Currently, the term ‘cannabinoid’ refers to more than 100 terpenophenols derived from Cannabis sativa, as well as to synthetic compounds that directly or indirectly interact with cannabinoid receptors.
Cannabinoids are currently used in cancer patients to palliate wasting, emesis and pain that often accompany cancer. A significant advancement in cannabinoid use in cancer treatment came from the discovery of a potential utility of these compounds for targeting and killing cancer cells. In 1975 Munson et al. demonstrated the administration of THC and cannabinol inhibited the growth of Lewis lung adenocarcinoma cells in vitro as well as in vivo after oral administration in mice. The interest in anticarcinogenic properties of cannabinoids was renewed after the discovery of the eCB system and the cloning of the specific cannabinoid receptors. Since then, several cannabinoids have been shown to exert anti-proliferative and pro-apoptotic effects in various cancer types (lung, glioma, thyroid, lymphoma, skin, pancreas, uterus, breast, prostate and colorectal carcinoma) both in vitro and in vivo. Moreover, other antitumourigenic mechanisms of cannabinoids are currently emerging, showing their ability to interfere with tumour neovascularization, cancer cell migration, adhesion, invasion and metastasization.
However, the clinical use of THC and additional synthetic agonists is often limited by their unwanted psychoactive side effects, and for this reason interest in non-psychoactive phytocannabinoids, such as CBD, has substantially increased in recent years. Interestingly CBD has no psychotropic activity and, although it has very low affinity for both CB1 and CB2 receptors, it has been recently reported to act with unexpectedly high potency in vitro as antagonist of CB1 receptors in the mouse vas deferens and brain tissues.
Furthermore, CBD can be considered as an alternative agent for breast cancer therapy, and CBD has actually been shown to shrink and kill breast cancer cells.
CBD also possesses anti-tumoural properties in the treatment of glicoma. Interestingly, combined treatment of THC with CBD demonstrated that CBD enhanced the THC inhibitory effect on glioblastoma cell growth. Thus, actually curing the glicoma.
CBD and leukemia/lymphoma. Research Results suggest CBD, acting through CB2 receptors and ROS production, may represent a novel and highly selective treatment for leukemia. Moreover, previous evidence indicated that human leukemias and lymphomas expressed significantly higher levels of CB2 receptors compared with other tumour cell lines, suggesting that tumours of immune origin may be highly sensitive to the CB2-mediated effects of CBD.

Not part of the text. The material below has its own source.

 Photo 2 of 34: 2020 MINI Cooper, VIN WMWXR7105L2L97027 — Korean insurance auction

CBD and lung cancer. Research findings suggest a novel mechanism underlying the anti-invasive action of CBD on human lung cancer cells and imply its use as a therapeutic option for the treatment of highly invasive lung cancers.

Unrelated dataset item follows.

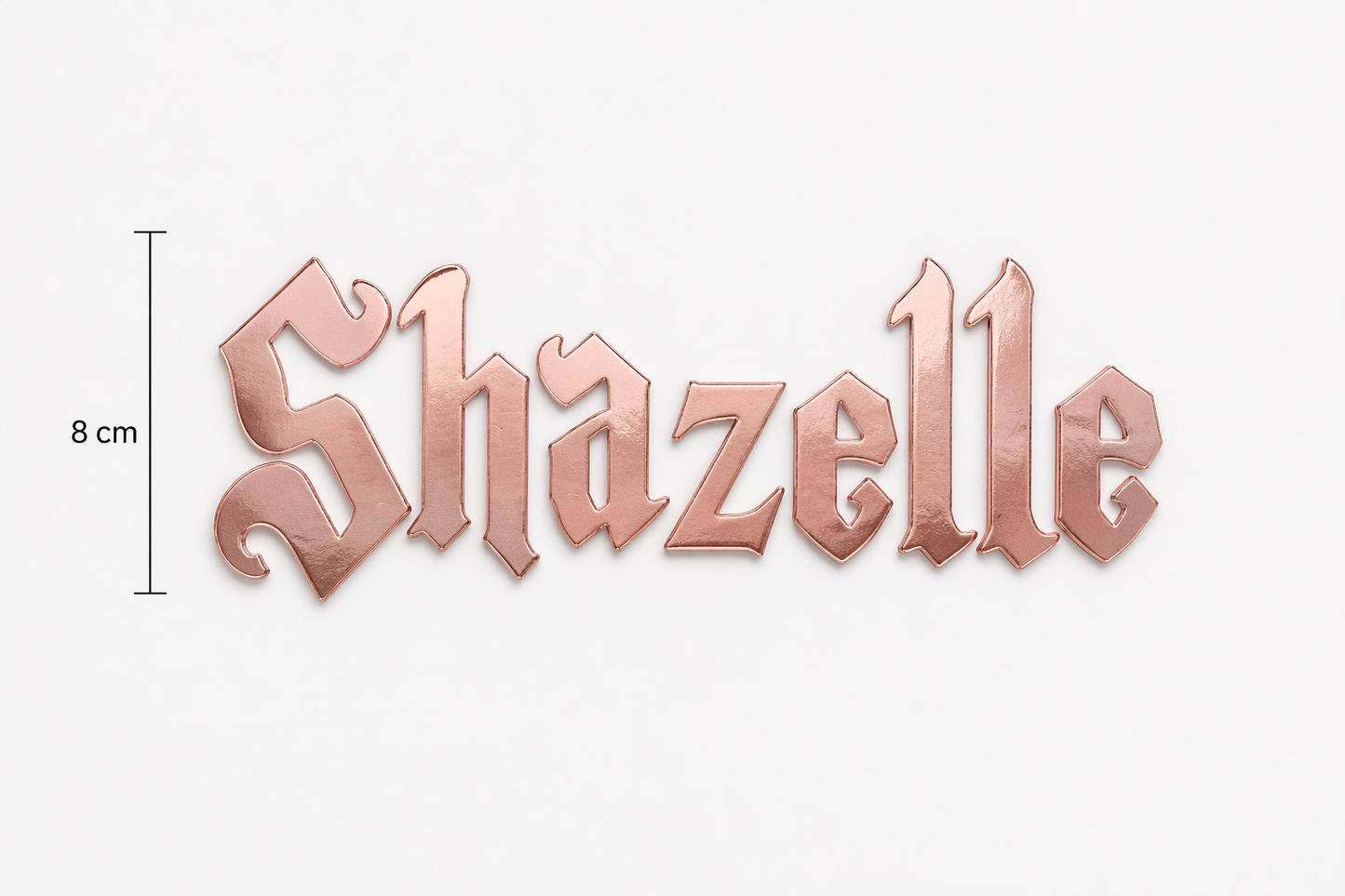 Custom Vinyl Sticker Name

Colon cancer is a major cause of morbidity and mortality in Western countries. Research suggests CBD might be worthy of clinical consideration in colon cancer prevention.
Conclusion and future directions
Evidence is emerging to suggest that CBD is a potent inhibitor of both cancer growth and spread.

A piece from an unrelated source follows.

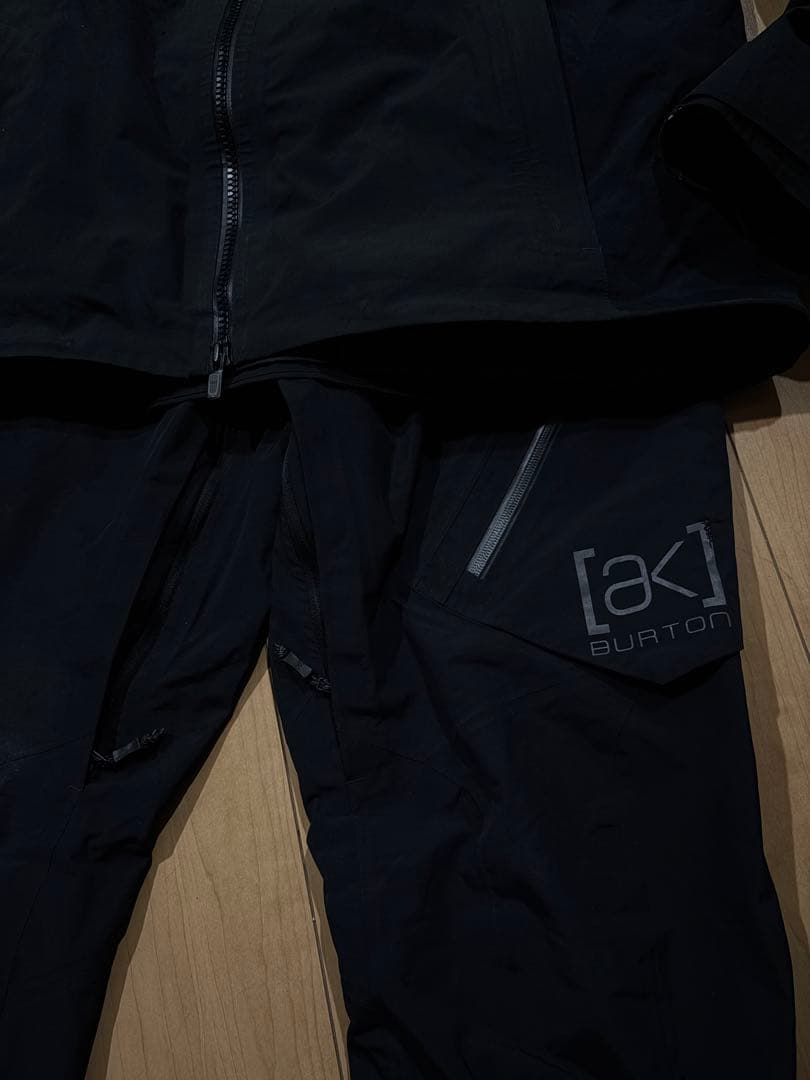 Burton [ak] GORE-TEX スノーボードウェア　上下セット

Interestingly, the anticancer effect of this compound seems to be selective for cancer cells, at least in vitro, since it does not affect normal cell lines. The efficacy of CBD is linked to its ability to target multiple cellular pathways that control tumor growth through the modulation of different intracellular signaling --- dependent on the cancer type.
Finally, the use of CBD/Sativex can be suggested in combination with classical chemotherapeutic agents to check for the presence of a synergistic effect that might potentially allow clinical chemotherapeutic dose reduction, thereby reducing toxicity while maintaining efficacy. In the light of its safety record and considering that CBD is already currently used in patients with multiple sclerosis, the findings here summarized suggest that CBD might be worthy of clinical consideration for cancer therapy.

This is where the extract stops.